REKLAMA

Silnik z rodzinnego Volvo, nadwozie z karbonu i brak wszystkiego. Oto samochód sportowy godny Nobla

Noble M600 to raczej mało znany brytyjski supersamochód, który jeżeli jest kojarzony w Polsce, to tylko dzięki programowi Top Gear. Jeżeli przejechanie nim Włoch przez Hammonda cię urzekło, to teraz możesz sobie taki sprawić.

Noble M600
REKLAMA

Noble to jedna z wielu brytyjskich marek „z szopy” - tak potocznie mówi się na niewielkich producentów samochodów sportowych, wytwarzających swoje samochody ręcznie, w dwucyfrowej liczbie egzemplarzy rocznie. Marka powstała relatywnie niedawno, bo założona została w 1999 r., przez Lee Noble'a w Leeds w północnej Anglii. Od tego czasu powstało zaledwie kilkaset jej aut.

REKLAMA

Egzotyczne samochody z duszą i światłami Mondeo

Wszystkie wyroby Noble'a mają silnik na środku i napęd na tył. Początkowo każdy model był napędzany silnikami V6 z serii Duratec produkcji Forda - o pojemności 2.5 i 3.0, wolnossącym lub turbodoładowanymi. Nie miały one żadnych udogodnień z zakresu komfortu, gdyż ich kierowca miał się skupić na purystycznych, niemal wyścigowych doświadczeniach z jazdy.

Jest też jedna cecha wizualna, która przychodzi mi do głowy jako pierwsza, gdy ktoś mówi o samochodach Noble - mianowicie tylne światła, pochodzące wprost z Forda Mondeo Mk1 sedan. Znalazły się one w trzech pierwszych modelach marki - M10, M12 i M400.

Może zabrzmi to dziwnie, ale Noble ma też swój polski wątek. Pamiętacie taki polski supersamochód Arrinerra Hussarya? Jeśli nie, to był to gorący temat na przełomie pierwszej i drugiej dekady XXI wieku, czyli projekt polskiego supersamochodu z silnikiem V8 od GM, który skończył się na kilku jeżdżących prototypach. Ale gdzie tu Noble? Otóż, na samym początku projektu (gdy nosił jeszcze nazwę Veno) twórcy chwalili się współpracą z Lee Noble'em. Niestety, patrząc na historię projektu Arrinerry, nawet to nie pomogło.
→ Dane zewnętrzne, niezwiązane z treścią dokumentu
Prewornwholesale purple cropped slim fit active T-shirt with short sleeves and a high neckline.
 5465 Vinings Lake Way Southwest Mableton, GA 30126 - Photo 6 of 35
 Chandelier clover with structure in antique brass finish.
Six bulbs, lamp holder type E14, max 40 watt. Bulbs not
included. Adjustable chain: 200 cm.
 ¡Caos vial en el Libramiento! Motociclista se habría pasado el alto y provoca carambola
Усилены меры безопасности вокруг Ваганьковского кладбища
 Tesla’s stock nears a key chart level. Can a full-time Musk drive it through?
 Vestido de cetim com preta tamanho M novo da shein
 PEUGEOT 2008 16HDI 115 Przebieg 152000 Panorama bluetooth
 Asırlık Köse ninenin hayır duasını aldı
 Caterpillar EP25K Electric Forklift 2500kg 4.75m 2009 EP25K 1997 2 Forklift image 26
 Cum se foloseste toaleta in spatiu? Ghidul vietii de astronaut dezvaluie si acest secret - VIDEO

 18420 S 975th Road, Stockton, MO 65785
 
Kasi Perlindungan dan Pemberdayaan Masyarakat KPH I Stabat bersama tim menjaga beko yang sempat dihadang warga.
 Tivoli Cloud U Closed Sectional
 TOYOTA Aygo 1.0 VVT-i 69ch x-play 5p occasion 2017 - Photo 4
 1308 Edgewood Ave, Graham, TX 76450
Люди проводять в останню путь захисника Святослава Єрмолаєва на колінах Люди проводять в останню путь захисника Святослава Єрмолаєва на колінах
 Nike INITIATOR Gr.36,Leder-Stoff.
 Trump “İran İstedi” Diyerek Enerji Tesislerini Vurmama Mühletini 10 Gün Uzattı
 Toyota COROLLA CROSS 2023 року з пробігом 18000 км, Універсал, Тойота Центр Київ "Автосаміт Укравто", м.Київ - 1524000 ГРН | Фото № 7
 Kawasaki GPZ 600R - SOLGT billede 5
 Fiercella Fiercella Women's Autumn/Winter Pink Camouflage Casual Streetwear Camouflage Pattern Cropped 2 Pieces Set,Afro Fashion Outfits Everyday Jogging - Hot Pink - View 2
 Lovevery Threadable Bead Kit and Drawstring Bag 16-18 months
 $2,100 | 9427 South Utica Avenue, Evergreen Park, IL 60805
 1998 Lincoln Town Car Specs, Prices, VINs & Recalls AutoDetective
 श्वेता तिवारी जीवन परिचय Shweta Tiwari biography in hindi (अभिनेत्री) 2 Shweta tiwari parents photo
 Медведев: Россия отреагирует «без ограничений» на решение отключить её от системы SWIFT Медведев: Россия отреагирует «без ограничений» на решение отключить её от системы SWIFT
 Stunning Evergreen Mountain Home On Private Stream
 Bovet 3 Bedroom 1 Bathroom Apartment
Więcej ciekawych ogłoszeń znajdziesz tutaj:

Silnik z Volvo, z którym łykniesz Ferrari

Model M600 został wprowadzony w 2009 r. Zrywał z dotychczasowym zwyczajem Noble'a, to jest montowania silnika V6 Duratec od Forda. Zamiast tego jest on wyposażony w podwójnie turbodoładowany silnik V8 produkcji Yamahy o mocy 650 KM, przekazywanej na tylne koła za pośrednictwem sześciobiegowej skrzyni manualnej. Ta sama jednostka, lecz w wersji wolnossącej znalazła się także w ówczesnych flagowych modelach Volvo - S80 i XC90.

Noble M600
fot. pistonheads.com
Noble M600
fot. pistonheads.com
Noble M600
fot. pistonheads.com

Noble podał czas przyspieszenia od 0 do 60 mph (96 km/h) wynoszący zaledwie 3 s i prędkość maksymalną 225 mph (363 km/h). Czyni go to mocnym graczem w świecie aut egzotycznych, nawet w porównaniu z takimi tuzami jak Ferrari i Lamborghini. Zgodnie z filozofią Noble, w M600 nie znajdziemy żadnych systemów wspomagających kierowcę, poza systemem kontroli trakcji w jego najprostszej formie. Równie spartańskie - choć gustownie wykończone - jest jego wnętrze, pozbawione wyposażenia z zakresu komfortu.

Noble M600
fot. pistonheads.com

Trochę trzeba na niego wydać

REKLAMA

No szok i niedowierzanie. Prezentowany Noble M600 został wystawiony na brytyjskim serwisie aukcyjnym z samochodami dla - nazwijmy to - szczególnie wymagających, czyli pistonheads.com. Jest jednym z około 30 wyprodukowanych egzemplarzy w ogóle i jednym z dosłownie kilku, które otrzymały nadwozie w całości z włókna węglowego. Do tego wygląda na to, że jest w świetnym stanie, a licznik pokazuje, że pojazd przejechał zaledwie 7 tys. mil (11 tys. km).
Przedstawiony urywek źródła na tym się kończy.